By Day 300 after their initial SARS-CoV-2 infection, 93 (8·3%) of 1126 participants had been diagnosed with long Covid. However, this incidence was 41% lower (6·3% vs. 10.4%) among those who had received metformin compared to those who had received just placebo (10·4%). The difference was even greater (63% lower) among those who had started taking metformin within three days of first experiencing Covid-19 symptoms.
And surprise, surprise, there was no real difference in long Covid incidence between those who had received ivermectin and those who had received placebo. Fluvoxamine didn’t seem to have any overall positive effect as well.
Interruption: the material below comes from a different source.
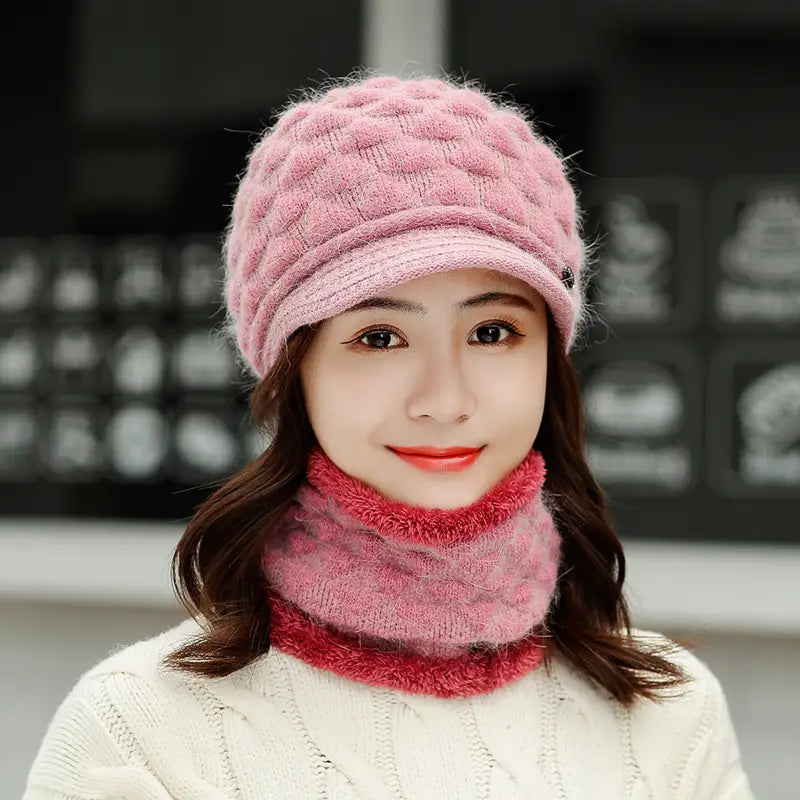 Lovemi - Plush thick warm ear protection scarf hat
So why might a medication that’s typically used to treat diabetes help prevent long Covid? Metformin is useful against diabetes because of the following sweet effects: it can decrease the amount of glucose produced by your liver, decrease the amount glucose absorbed through your intestines, and increase the response of your body tissues to insulin. Those taking metformin also often lose weight as well.
But wait, what does that all have to do with long Covid? Well, several laboratory studies have shown that metformin may work specifically against the SARS-CoV-2. It’s been found to inhibit the reproduction of the virus in cell culture and human lung tissue. Keep in mind, though, that you are more than a just bunch of cells or lung tissue. You do have feelings and other things. So just because metformin can keep the virus from reproducing in the lab doesn’t meant that it will do the same in live, whole humans.
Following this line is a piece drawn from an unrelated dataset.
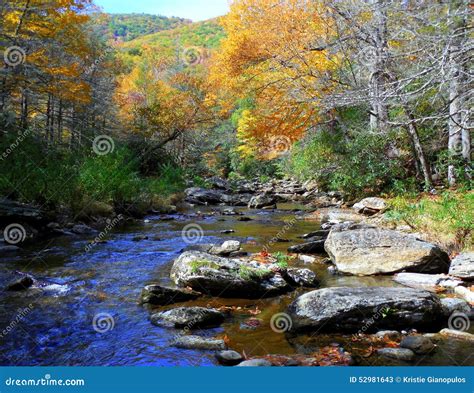 North Carolina Appalachian Mountains in Fall with River Stock Image ...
Plus, while promising, this clinical trial was exactly one clinical trial. You should never deem something to be an effective treatment based on just one clinical trial. That would have been like calling Los Del Rio the next Beatles right after their song Macarena ascended to number one on the Billboard charts in 1996. People aren’t exactly lining up to do the Vámonos que nos vamos at weddings.
Moreover, this clinical trial did not include anyone younger than 30, with a BMI less than 25 kg/m2 or who had had COvid-19 previously. People under 30 do matter, really. So the results from this trial may not be generalizable to the rest of the population.
All in all, there needs to be more real scientific evidence before metformin can be recommended as a Covid-19 treatment. That means more studies and trials are definitely needed. Thank goodness for all the research funding that’s been allocated to study Covid-19...oh wait, that’s right, a lot of the money is no longer there.